Mqtt binary_sensor entities start up status inconsistent starting with 2022.2

Hello,
I created issue 65867 over on github in an effort to better understand the behavior I started seeing with my mqtt binary_sensor entities in 2022.2 and didn’t get any responses. Eventually the issue was marked stale and auto-closed. Perhaps someone here can help me?

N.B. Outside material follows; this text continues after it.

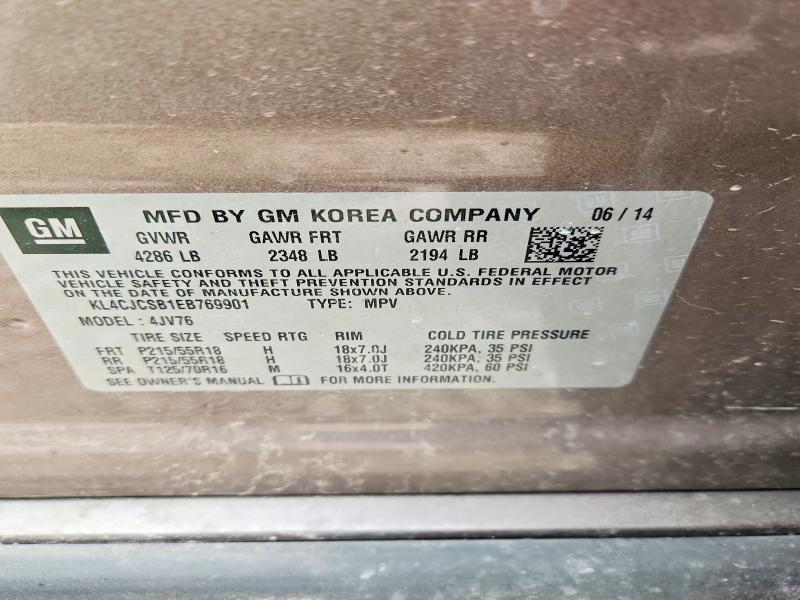 52897716 :رقم المزاد ، KL4CJCSB1EB769901 vin ، 2014 Buick Encore مزاد بيع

Here is the full text of my original issue submission:

Previously, my mqtt binary_sensor entities would always start up (i.e. after HA restart) in ‘unavailable’ state. In an ideal world they might hold onto their previous state, but I was okay with unavailable because it was predictable and frankly most accurate because the rebooted instance of HA would not have seen the last periodic update of sensor status. Once the first report comes through, the entities reflect the correct status.

Now, however, after installing 2022.2, I’m noticing that these devices seem to be starting up in a random state. Some start up as ‘on’ and others as ‘off’ while some still show up as ‘unavailable’. This appears to be different on every restart. This is a problem for me because if my alarm is armed when I reboot and one of the sensors is ‘on’ upon startup, the alarm will trigger. Previously this wasn’t an issue because they came up ‘unavailable’.

Please advise, thanks for your support.

Thanks!

I don’t know how your mqtt binary sensors are defined, but the solution is obvious : make sure your sensors have the ‘retain’ flag set on your broker. So the (correct) state of them is known as soon as HA restarts.

1 Like

Thank you for the feedback @francisp, but not sure the solution here is ‘obvious’ although I appreciate the suggestion regarding the broker ‘retain’ flag. Perhaps I’m not fully understanding the implications of ‘retain’ but my concern with that is I could be masking legitimate communication issues from my sensors.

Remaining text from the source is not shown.